In our society sex addiction is viewed as either a moral failing or just “wanting too much sex”. In fact, sex addiction is a maladaptive way of coping with intolerable feelings. What almost every addict shares is a history of abuse, emotional neglect, or other significant adverse life events. The definition of sex addiction is any sexually related, compulsive behavior which interferes with normal living and causes problems in family, work, and social life.
Sex addiction therapy addresses the behavior as well as the underlying causes. Recovery is about healing the trauma, changing harmful behaviors, and growing. We heal from a broken arm, a broken heart, or a broken spirit. We are built to heal and grow.
“The world breaks everyone; then some grow strong in the broken places.” — Ernest Hemingway
To recover we need someone to listen to our story with compassion and without judgment, someone who accepts us as we are, and challenges us to go further. We need a trustworthy person who holds us accountable. We need a sense that we are connected to a greater purpose than just ourselves.
Dr.
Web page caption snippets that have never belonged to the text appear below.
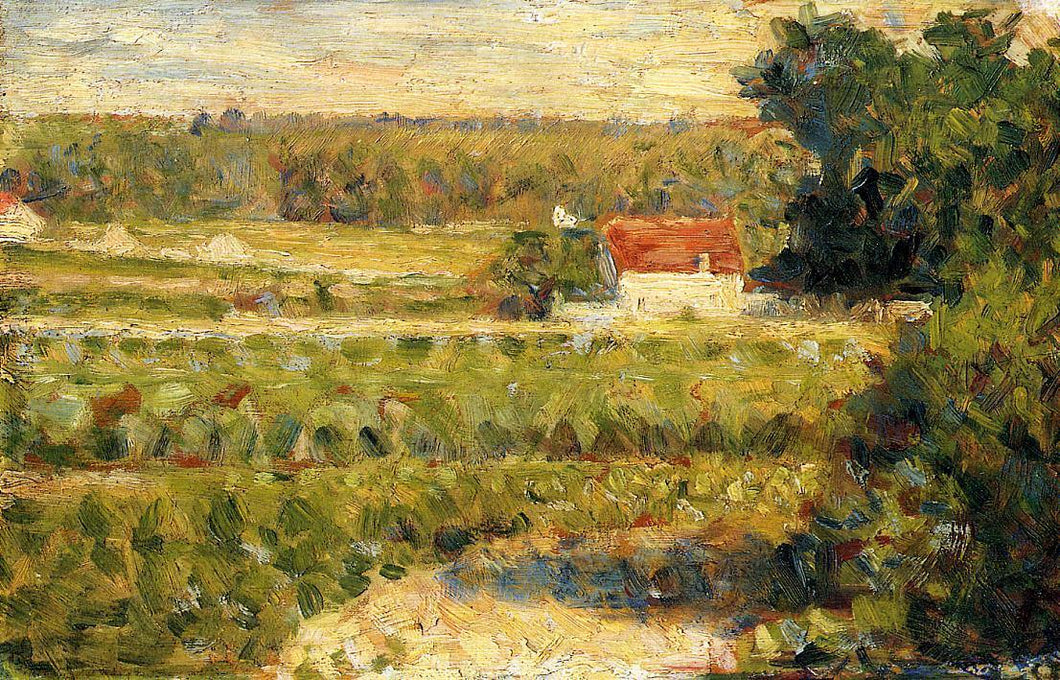 Casa Com Telhado Vermelho (Georges Seurat) - Reprodução com Qualidade Museu
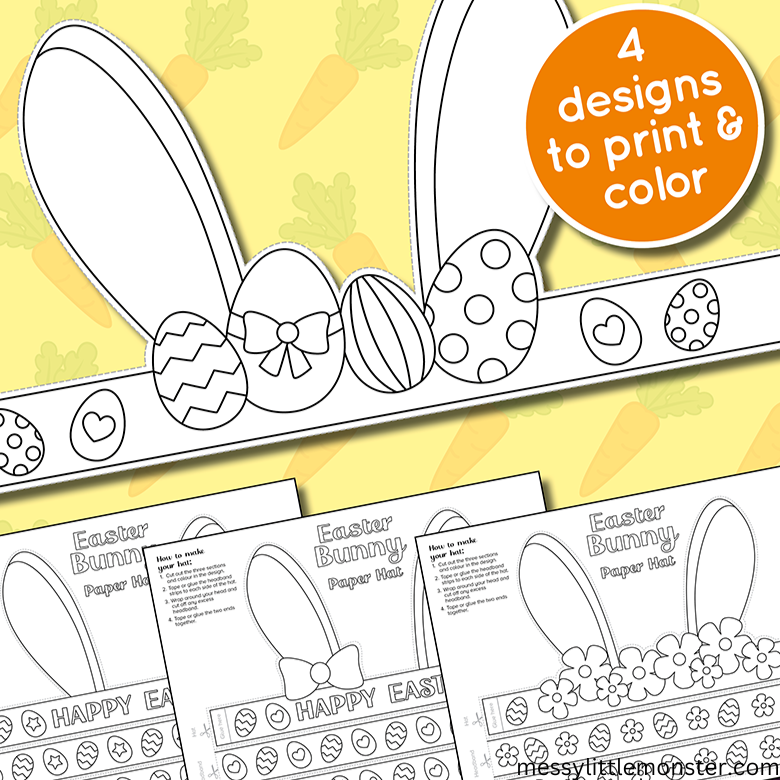 Bunny Ears Template – Messy Little Monster Shop for Free Printable Cat Ear Template
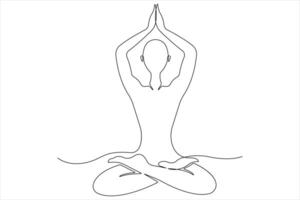 continuo uno linea arte disegno di uomo fare esercizio nel yoga posa schema illustrazione vettore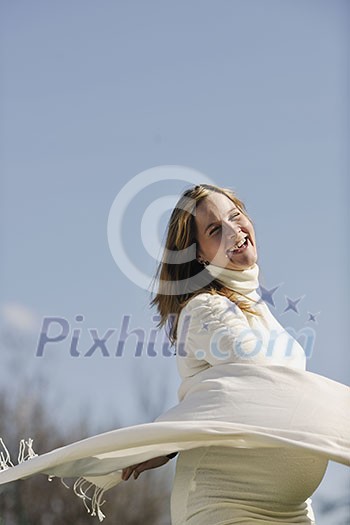 happy young pregnant womant have fun outdoor in nature at sunny day happy young pregnant womant have fun outdoor in nature at sunny day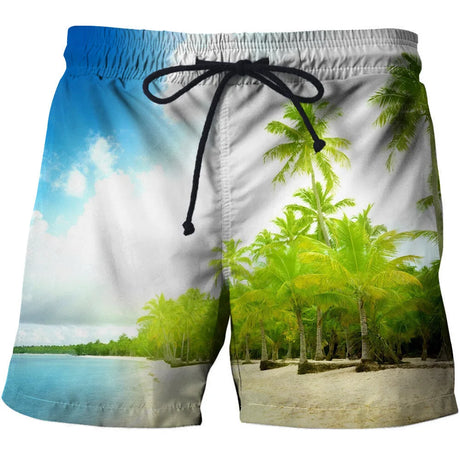 Landscape 3D print, beach pants lead the way.  Fashion trend Advanced fabrics are comfortable and soft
Patrick Carnes, author of Out of the Shadows, said about sex addiction more than 30 years ago, “We have a tsunami coming”. That message was prophetic. Everywhere you go now you see a politician, a celebrity or someone you know or hear about who is affected by sex addiction. It’s a problem that impacts ourselves and the people who care about us, as well as our society.
If sex addiction is The Problem, I’m grateful to be part of the solution.